We filmed in France and I had given birth to Annie 7 weeks before we started preparing for the film. For the first time in my life, I had these great breasts. It’ll never happen again, but for one brief, shining season, I had the most incredible breasts. James Acheson, the costume designer… …I just loved it because they pushed my breasts up and made me have cleavage. I guess I should be saying something more intellectual about the film, but I just remembered how great it felt to have those breasts. -Close in a 1996 interview
It was tough for me to decide, but Close (then 41 y.o.) was the most fascinating of the characters. Close (who didn’t appear in the movies until she was already 35 y.o.) and Malkovich (who comes from the theater like Close) make a strong duo; they have fantastic chemistry together. Close came up w/ her character’s final scene- wow! Director Stephen Frears gave her the line: “her soul was on her face,” Close thought for a minute and stated: “I know how to show that.” The score (which flows perfectly w/ the story) was composed by George Fenton; we also hear the music of Bach, Handel, and Vivaldi. I think the music will really carry the viewer away! Speaking of which, I learned that Malkovich (35 y.o.) and Pfeiffer (30 y.o.) had an affair during the filming; his wife (actress Glenne Headley) filed for divorce soonafter.

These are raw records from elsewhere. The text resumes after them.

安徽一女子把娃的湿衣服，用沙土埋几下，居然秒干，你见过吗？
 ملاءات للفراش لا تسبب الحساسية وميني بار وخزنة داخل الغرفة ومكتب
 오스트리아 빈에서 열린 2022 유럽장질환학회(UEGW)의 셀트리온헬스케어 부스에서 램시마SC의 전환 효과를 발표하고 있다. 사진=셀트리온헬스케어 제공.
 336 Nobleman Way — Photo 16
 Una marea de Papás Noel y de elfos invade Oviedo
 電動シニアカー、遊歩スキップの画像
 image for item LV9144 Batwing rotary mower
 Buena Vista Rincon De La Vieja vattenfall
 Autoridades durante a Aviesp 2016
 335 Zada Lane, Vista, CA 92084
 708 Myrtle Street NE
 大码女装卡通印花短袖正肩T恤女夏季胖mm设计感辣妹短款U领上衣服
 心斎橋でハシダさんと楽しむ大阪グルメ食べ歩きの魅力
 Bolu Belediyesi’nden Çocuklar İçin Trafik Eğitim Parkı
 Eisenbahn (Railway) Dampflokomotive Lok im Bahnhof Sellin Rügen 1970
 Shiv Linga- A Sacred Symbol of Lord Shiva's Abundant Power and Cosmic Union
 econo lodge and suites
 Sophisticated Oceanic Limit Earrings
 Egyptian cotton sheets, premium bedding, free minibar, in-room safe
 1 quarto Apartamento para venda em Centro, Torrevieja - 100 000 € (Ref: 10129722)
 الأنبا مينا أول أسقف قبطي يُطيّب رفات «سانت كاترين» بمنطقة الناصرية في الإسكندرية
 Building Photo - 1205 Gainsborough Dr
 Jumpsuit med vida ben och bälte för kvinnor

 The first thing that strikes you is how well the film is lit and shot. The period locations and costumes are visually sumptuous and perfect. Better yet, the acting entirely matches the skill of the direction that takes its method from the theatre – emotions are conveyed by expression and not dialogue. Glenn Close gives her best performance on celluloid as the scheming Madame de Merteuil, amorally hellbent on bending everyone to her will, no matter the method or the cost, and John Malkovitch is her perfect foil as the cynical hedonistic but world-weary Valmont. Michelle Pfeiffer engages our empathy as the tortured and manipulated target of Malkovitch’s desire and Close’s plotting.
 Stephen Frears, in his American film debut, creates a lush visage of restrained yet swooning passions, icy stares, and hushed, measured speeches against the backdrop of the Ile-de-France…
The dark comedy that pins two bored aristocrats against each other as they play God with other people’s lives without realizing the devastating consequences that will result from this has been the stuff of legend and allure. Glenn Close, John Malkovich, and Michelle Pfeiffer all are beyond awards in their exacting and multidimensional portrayals of three very different people caught in a web of deceit. However the star of this adaptation has to be Christopher Hampton who immortalizes Laclos’ vision in a subtle, yet powerful story filled with subtext and restrained cruelty.